Erhan’ın ajan sevgilisi kodu mu oturtan Hannah


Öner hocanın 5 yıllık asistanı olan Hannah, Erhan’ın da sevgilisi daha doğrusu arada bir takılıyorlar. Aslen fuckbodyler de kibarlığımı bozmak istemiyorum. Aslen Alman olan Hannah, Göbeklitepe’nin arkeologlarından olan Öner hocanın asistanı olmasına rağmen aslen Serdar adına çalışır. Dark’ın kötü kadını Hannah’dan da anladığımıza göre Almanya’da kadınlarda Hannah adı çok yaygın ve ismi Hannah olan Alman bir kadın Netflix’in yetkililerinden birinin kalbini fena kırmış. Bu ne anam böyle?  Kadın resmen sinsi bir yılan. Üstelik saman altından su yürüten cinsten. Bu var ya Erhan’la Öner’i suya götürüp susuz getirmiş. Üstelik Erhan’ı elindeki babadan kalma notları çalmak için pataklayan kasklı da bu ablamızmış. Eli de ağır.  

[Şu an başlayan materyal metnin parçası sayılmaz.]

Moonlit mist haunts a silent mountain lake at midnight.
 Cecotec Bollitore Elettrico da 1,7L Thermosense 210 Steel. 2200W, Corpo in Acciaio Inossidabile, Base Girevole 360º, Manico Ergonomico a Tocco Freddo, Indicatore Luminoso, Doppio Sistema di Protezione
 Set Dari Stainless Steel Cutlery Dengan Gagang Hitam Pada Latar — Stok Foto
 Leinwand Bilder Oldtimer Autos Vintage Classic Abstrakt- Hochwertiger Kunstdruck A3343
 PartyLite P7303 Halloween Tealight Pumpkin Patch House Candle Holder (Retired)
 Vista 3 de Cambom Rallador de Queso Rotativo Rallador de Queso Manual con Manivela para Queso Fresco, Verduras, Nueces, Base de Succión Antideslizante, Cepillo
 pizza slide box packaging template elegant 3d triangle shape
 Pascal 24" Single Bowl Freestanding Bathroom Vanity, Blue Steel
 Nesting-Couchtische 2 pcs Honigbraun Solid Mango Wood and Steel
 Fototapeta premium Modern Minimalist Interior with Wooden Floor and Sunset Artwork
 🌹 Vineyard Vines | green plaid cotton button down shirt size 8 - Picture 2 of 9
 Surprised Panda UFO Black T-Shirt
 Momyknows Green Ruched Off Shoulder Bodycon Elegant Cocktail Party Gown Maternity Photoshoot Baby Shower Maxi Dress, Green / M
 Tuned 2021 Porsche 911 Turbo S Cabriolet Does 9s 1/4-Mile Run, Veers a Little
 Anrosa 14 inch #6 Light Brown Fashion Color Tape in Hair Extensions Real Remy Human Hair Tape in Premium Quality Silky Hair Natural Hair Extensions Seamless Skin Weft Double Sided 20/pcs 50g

Göbeklitepe’nin eski arkeologlarından kariyeri için üzülmekten alkolik olmuş Öner


Erhan’ın babasının arkadaşı olan Öner hocayı ilk başlarda dizinin karanlık tarafındaki isimlerden sanıyordum. Yıllarca Erhan’ın babasının notlarını saklayıp Erhan’a Göbeklitepe ile ilgili bi buluş yapmadan vermemesi vs bana bunu hissettirmişti. Erhan, babam size çok güvenir hiç mi bilginiz yok diye darlayınca açtırma kutuyu söyletme kötüyü misali şarlayan Öner bey meğer zamanında Göbeklitepe yüzünden Erhan’ın babasına da küsmüş. Bunun sebebi de Göbeklitepe’yi araştırmak için gerekli olan fon. Şöyle ki gerçekte de Göbeklitepe Türk ve Alman arkeologlar tarafından araştırılıyor ve bu araştırmalar için de fona ihtiyaç var. Erhan’ın babası Erhan’ın da bulduğu mağarayı daha önce bulmuş fakat vakitsiz bir buluş yapmış. Buluşun sevinciyle arkadaşı Öner’i arayıp buraya fon yağacak, manyak bir şey buldum kanka, topla gel ekibi filan demiş. Muhtemel bahsi geçen foncular da Serdar ve bağlı olduğu tarikat. Tabi Öner arkadaşının sözüyle fon verecek adamları toplayıp Göbeklitepe’ye gelince Erhan’ın babası adamları kovar. Tabi bu durum üzerine fon yardımları kesilir ve Göbeklitepe kazıları sekteye uğrar. Bu sekte iki arkeoloğun da kariyerinin bitmesine neden olur. Öner de çılgın bir buluşla tarihe geçmek dururken üniversitede öğrencilerle cebelleşmek zorunda kalıp hırsından kurur ve alkolik olur. Erhan’a senin baban deliydi, Göbeklitepe diye kafayı yedi, onun yüzünden benim kariyerim de baltalandı diye çemkiriyon Öner hocam da beş yıldır asistanlığını bir ajan yapmış haberin yok. Altından döşeğini çalsalar haberin olmayacak ölmüş arkadaşına küsüyorsun.